En pensée
correcte, voire en pensée unique,
Lucie Pagé représente plus qu’un «témoin privilégié[1]».
La «Québécoise[2]» naît le 29 novembre 1961 à Greenwood en
Nouvelle-Écosse. Pagé obtient un diplôme de premier cycle en communication de l’Université du
Québec à Montréal en 1985. Elle devient journaliste, réalisatrice et écrivaine.
Pagé s’avère une personnalité engagée[3]. Elle alimente un
biais politique libéral et tiers-mondiste. La femme cosmopolite prêche depuis trois
décennies le culte de Mandela des
deux côtés de l’Atlantique.
Albert Londres reste LE modèle dans la profession de
Lucie Pagé. Le grand reporteur français écrit en 1929 :
[J]e demeure
convaincu qu’un journaliste n’est pas un enfant de chœur et que son rôle ne
consiste pas à précéder les processions, la main plongée dans une corbeille de
pétales de roses.
Notre métier
n’est pas de faire plaisir, non plus de faire du tort, il est de porter la
plume dans la plaie[4].
Lucie Pagé s’écarte de cet idéal.

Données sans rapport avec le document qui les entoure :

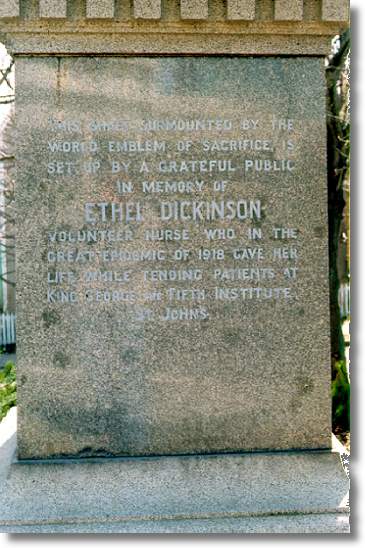 Socle du monument à Ethel Dickinson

Elle se fait la compagne
de route du Congrès national africain (ANC) dans sa marche vers le pouvoir (fig. 1). À l’aube des
années 1990, elle devient correspondante en Afrique du Sud pour la Société
Radio-Canada, Radio-Québec (aujourd’hui Télé-Québec), La Presse et L’actualité.
Or, la professionnelle de l’information remplit son rôle en partageant la couche d’un ministre des Postes, des Télécommunications et de la Radiodiffusion de Mandela. Elle épouse trois fois (!) Jayaseelan «Jay» Naidoo[5].

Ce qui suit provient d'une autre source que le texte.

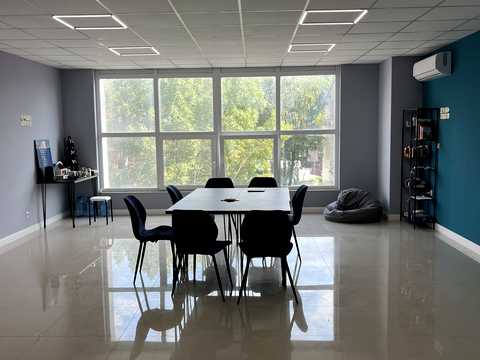 коммерческая по адресу Подільська ул., 58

Figure 1 La couverture du premier livre de Lucie Pagé à droite[6] reprend les couleurs du drapeau de l’ANC à gauche: noir, vert et jaune. |
Jamais Radio-Canada ne permettrait que sa correspondante à Moscou soit mariée au ministre des Communications de Vladimir Poutine. N'en déplaise à Lucie Pagé[7], c’est donc un deux poids, deux mesures en matière d'éthique et d'intégrité.
La militante «VIP[8]» du nouveau régime laisse sa marque. Lucie Pagé est hissée à de hautes fonctions. Elle dirige le département de radio-télé d’un institut de journalisme à Johannesburg. De là, la communicante forme des centaines de politiciens de sa famille idéologique à se servir des médias[9]. Elle signe en 25 ans plus de 1000 reportages, documentaires, articles et conférences[10]. Elle s’engage même dans la veine du roman historique avec la sortie d'Eva en 2005[11]. Oui, comme Che Guevara, Lucie Pagé se vend dans plusieurs pays[12]!
Avant de devenir l’apôtre d’une plante hallucinogène dans Sexe, pot et politique[13], l’alliée de l’ANC aux accents lyriques noue d’autres rapports troubles. Un esprit critique doit notamment remettre en question les liens que Lucie Pagé tisse entre «chants de libération [14]» et discours de haine. «Un colon, une balle» se donne partout à voir comme un slogan meurtrier et génocidaire. «Dubul' ibhunu» incite, en langue zouloue, à «tirer sur le fermier», à «tuer le Boer» [15] (fig. 2).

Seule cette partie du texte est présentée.